→ Problem details: For the entries below, print exactly the lines between the line holding "Rolling on to" and the line holding "Recover permanently deleted", inclusive, and nothing else.

→ Records for this task:

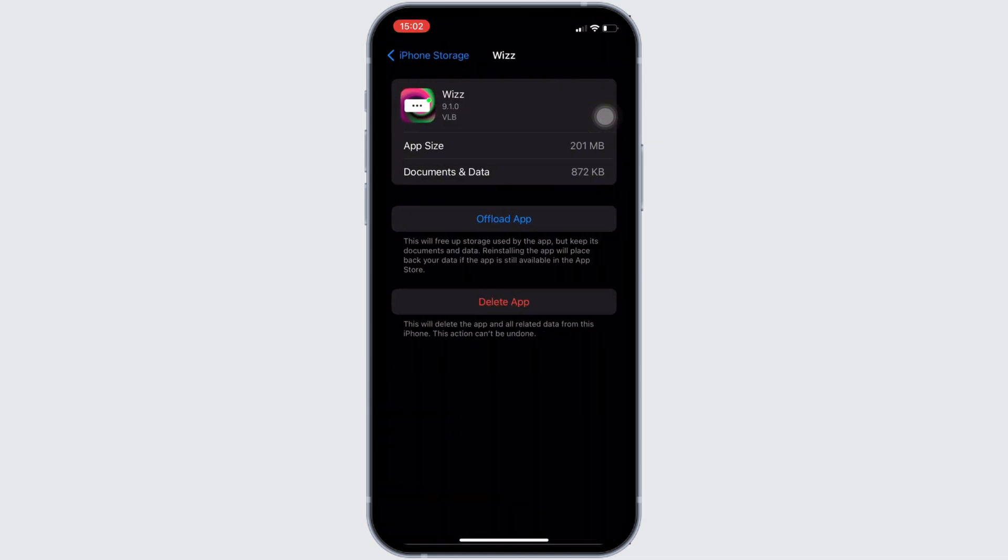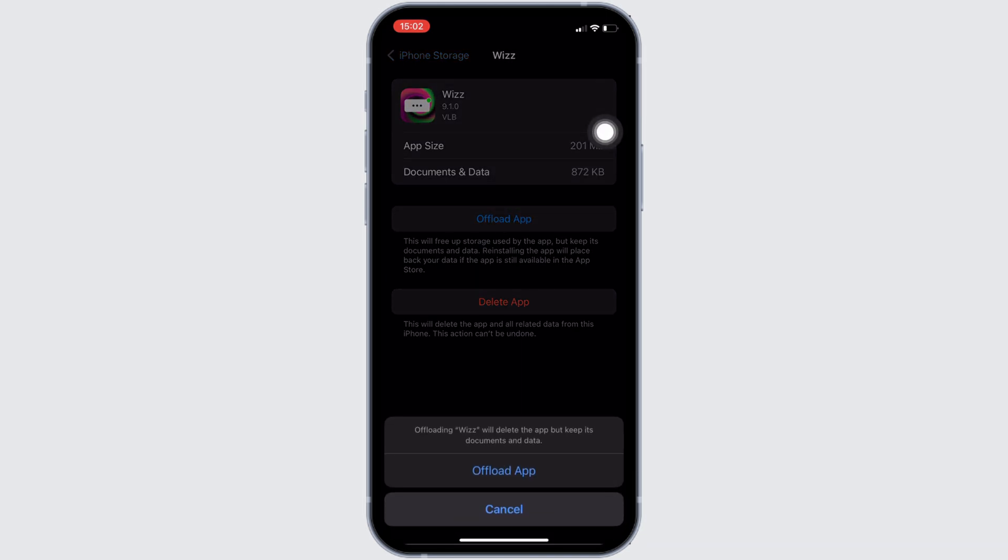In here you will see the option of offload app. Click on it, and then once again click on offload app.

==

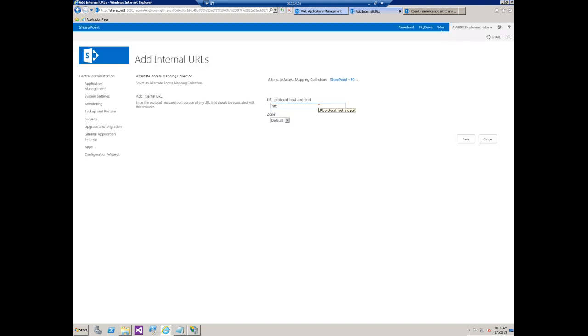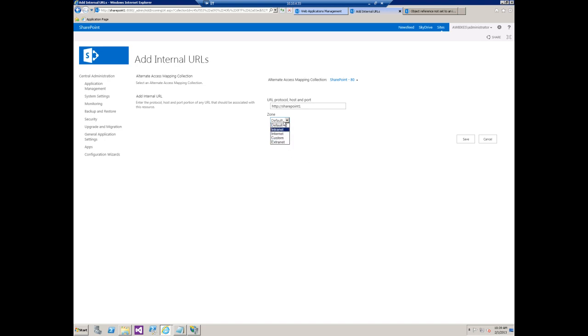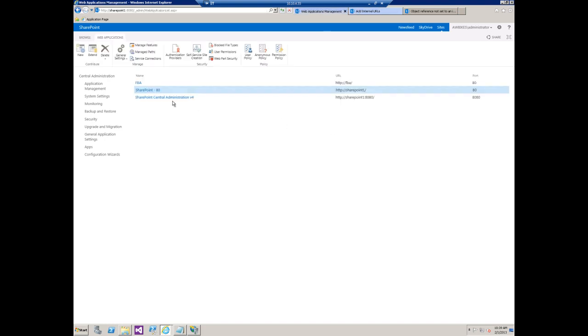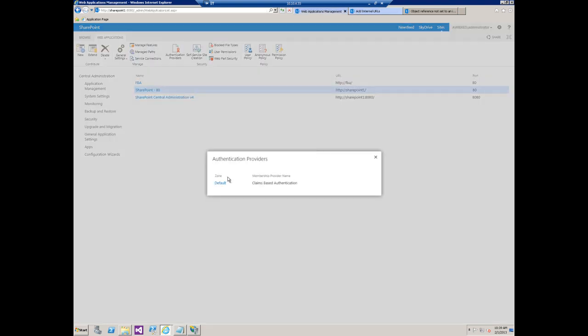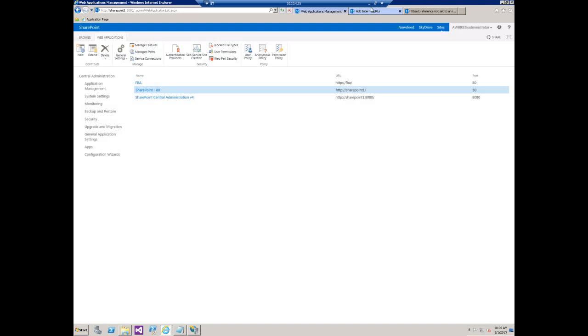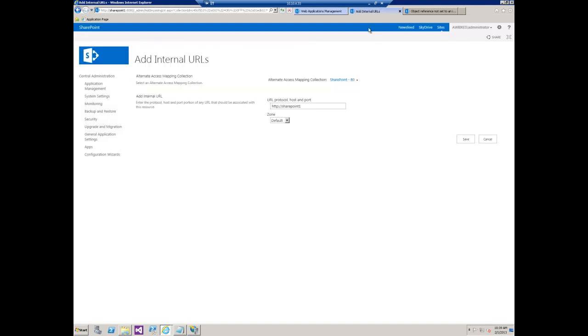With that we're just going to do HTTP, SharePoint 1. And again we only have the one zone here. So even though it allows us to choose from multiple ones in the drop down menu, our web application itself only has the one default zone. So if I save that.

---

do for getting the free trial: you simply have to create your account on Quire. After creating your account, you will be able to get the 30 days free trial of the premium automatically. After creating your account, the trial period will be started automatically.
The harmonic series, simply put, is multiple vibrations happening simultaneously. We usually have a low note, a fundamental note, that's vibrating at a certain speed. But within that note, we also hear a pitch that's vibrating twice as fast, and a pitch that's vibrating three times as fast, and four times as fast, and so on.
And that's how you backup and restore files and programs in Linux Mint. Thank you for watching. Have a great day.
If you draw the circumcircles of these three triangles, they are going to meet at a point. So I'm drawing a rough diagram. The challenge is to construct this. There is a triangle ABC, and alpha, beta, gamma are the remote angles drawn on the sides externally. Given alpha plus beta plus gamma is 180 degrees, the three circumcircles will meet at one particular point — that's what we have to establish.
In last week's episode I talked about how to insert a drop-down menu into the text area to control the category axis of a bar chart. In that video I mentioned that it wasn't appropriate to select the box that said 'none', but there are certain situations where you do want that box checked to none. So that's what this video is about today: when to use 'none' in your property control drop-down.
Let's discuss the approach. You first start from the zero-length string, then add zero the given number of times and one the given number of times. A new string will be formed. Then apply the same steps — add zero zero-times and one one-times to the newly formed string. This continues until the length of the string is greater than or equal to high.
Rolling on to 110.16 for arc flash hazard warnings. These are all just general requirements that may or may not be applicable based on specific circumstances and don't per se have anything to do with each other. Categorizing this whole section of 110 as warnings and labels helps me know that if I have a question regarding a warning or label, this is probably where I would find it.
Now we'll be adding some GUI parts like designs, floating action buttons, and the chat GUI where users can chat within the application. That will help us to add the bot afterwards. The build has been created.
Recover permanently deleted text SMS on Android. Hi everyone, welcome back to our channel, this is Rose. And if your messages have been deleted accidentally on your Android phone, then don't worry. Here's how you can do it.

→ Task answer:
Rolling on to 110.16 for arc flash hazard warnings. These are all just general requirements that may or may not be applicable based on specific circumstances and don't per se have anything to do with each other. Categorizing this whole section of 110 as warnings and labels helps me know that if I have a question regarding a warning or label, this is probably where I would find it.
Now we'll be adding some GUI parts like designs, floating action buttons, and the chat GUI where users can chat within the application. That will help us to add the bot afterwards. The build has been created.
Recover permanently deleted text SMS on Android. Hi everyone, welcome back to our channel, this is Rose. And if your messages have been deleted accidentally on your Android phone, then don't worry. Here's how you can do it.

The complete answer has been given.